Bahour’s criticisms are amplified by Jerry Haber, who calls the Law of Return “unparalleled in its illiberality because it views members of a religious group as potential returning citizens to a state that never existed, by virtue of their, or their grandparents,’ religious affiliation. Add to this the 1952 Nationality Law, and it turns out that a seventh-generation Palestinian Arab honeymooning in Paris at the time of Israel’s independence is legally barred from citizenship unless she performs a religious conversion to Judaism.”

Both Bahour and Haber are correct to point out that the Law of Return is substantively different from citizenship laws in countries like Ireland or Germany. This alone, though, does not render it beyond the pale. Diaspora literally means ‘scattering’ or ‘dispersion.’ It necessitates a single point of origin. In other words, the existence of a Jewish Diaspora is predicated on a time when Jews lived in a single place. Zionism and the Law of Return came to remedy the historical injustice whereby Jews were disconnected from the Land of Israel; this is the same historical injustice which renders the Law of Return sui generis and thus beyond the pale for liberals. By this logic, Jews are racist for trying to do something about it.

There is also the problem of presumption. Haber can refer to his “seventh-generation Palestinian Arab” in the confidence that his readers agree that if your family has lived in the same place for generations then you should automatically have more rights than someone who comes from elsewhere (it is always amusing how frequently anti-Zionist arguments reflect the sort of nativism common in far-right European texts). On what grounds? In the context of Jewish history, in which we were denied the rights available to other nations for almost two thousand years, this seems rather unfair. Or, as Jabotinsky argued, “It is an act of simple justice to alienate part of their land from those nations who are numbered among the great landowners on the world, in order to provide a place of refuge for a homeless, wandering people.”

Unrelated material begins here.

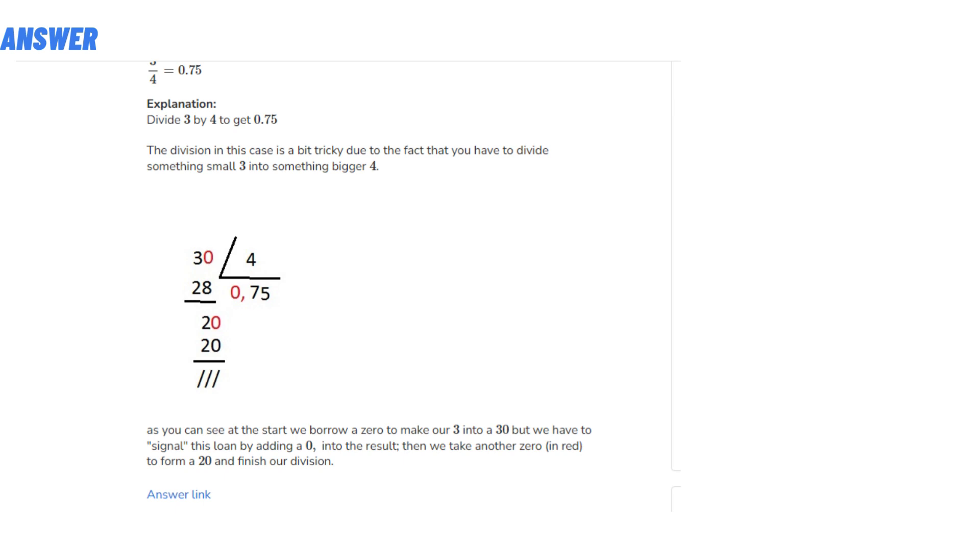Then we take another 0 to form 20 and finish our division.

Bahour and Haber are correct that the current situation, whereby Jews have more rights than Palestinians in the Land of Israel/Palestine, is immoral and unjustifiable. But the only way to solve this problem will be through creating a sovereign, secure and viable Palestinian-Arab state alongside the State of Israel, or by coming to some sort of bi-national/federal arrangement. By calling for Diaspora Jews to renounce the Law of Return, though, Bahour seems to arguing for a solution whereby Israel will be replaced with a Palestinian-Arab state.

It is also simply not true to suggest that the Law of Return creates a situation whereby Jews living outside of Israel have more rights in the country than non-Jews living in it. A Jew only has the rights of an Israeli citizen if s/he chooses to take up that citizenship; otherwise the ‘rights’ s/he enjoys are purely theoretical. Without the Law of Return, the State of Israel loses its raison d’etre, which is the defense and advancement of the Jewish people. While this of course creates complications vis-à-vis its Palestinian minority, this does not justify throwing out the baby with the bathwater. Just as there can be no peace while Israel rejects Palestinian national aspirations, there can be no peace as long as Palestinians and their supporters attempt to sever the Jewish people’s ties with the State of Israel.